Owen Sound Police Chief Tells the Truth about the Gun Registry
I love it when serving police chiefs have the guts and integrity to tell the truth. When it comes to Canada’s national failure, the gun registry, it happens so rarely.
Owen Sound Police Chief Tom Kaye was pretty outspoken about his view of the gun registry after making a presentation to the police board’s January meeting.
Reporter Scott Dunn (sdunn@thesuntimes.ca) did us all a favour by reporting Chief Kaye’s honest views on the bureaucratic nightmare:
“I don’t think that there’s a police officer out there that would tell you that their response to a call was changed as a result of a check with the gun registry.”

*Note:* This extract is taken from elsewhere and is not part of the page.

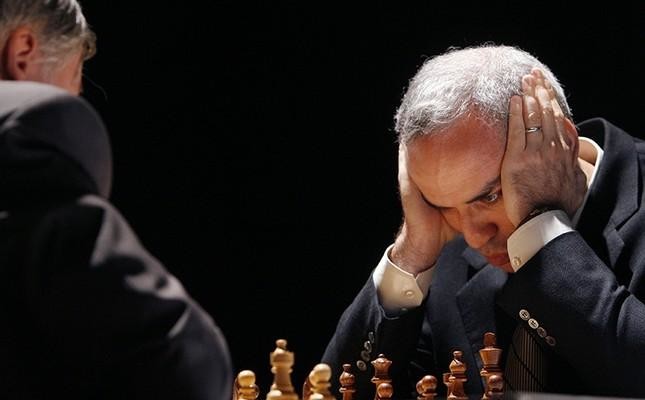 Bucharest, Romania. 5th May, 2023: Garry Kasparov, former Russian chess  grandmaster, the best chess player of all time, make the first move in a  simultaneous chess game with children at the end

“There’s been a five-year amnesty on in terms of registration. We couldn’t arrest and charge anybody for it if we wanted to.After five years you can’t rely on the accuracy of it.”
Dunn reports that last August, as the debate about the gun registry was heating up for the third and final vote on Bill C-391, Chief Kaye said he thought it was “offensive” to make criminals out of law-abiding citizens if they failed to register a long gun.
He’s right. It is offensive.
Unfortunately Toronto Police Services boss Bill Blair believes being offensive is a good thing. Blair was one of the mouthpieces who spouted off that the sky would fall, the world would end, and Life as We Know It would come screeching to an end if the gun registry was shut down.
Blair is, of course, unable to give a single example of how and when the gun registry has saved a single life, let alone a single police constable’s life.
He’s also quick to ignore the documented case where the gun registry COST a 15-year-old his life.
As I wrote back in 2006 for Enter Stage Right,
“But 15-year-old Martin Angnatok is not a subject they want to discuss. It shines the light of reality on their little charade. And for God’s sake, don’t talk about the Firearms Act’s Aboriginal Exemption, which gave Martin’s murderer his firearm, despite a pre-existing firearms prohibition.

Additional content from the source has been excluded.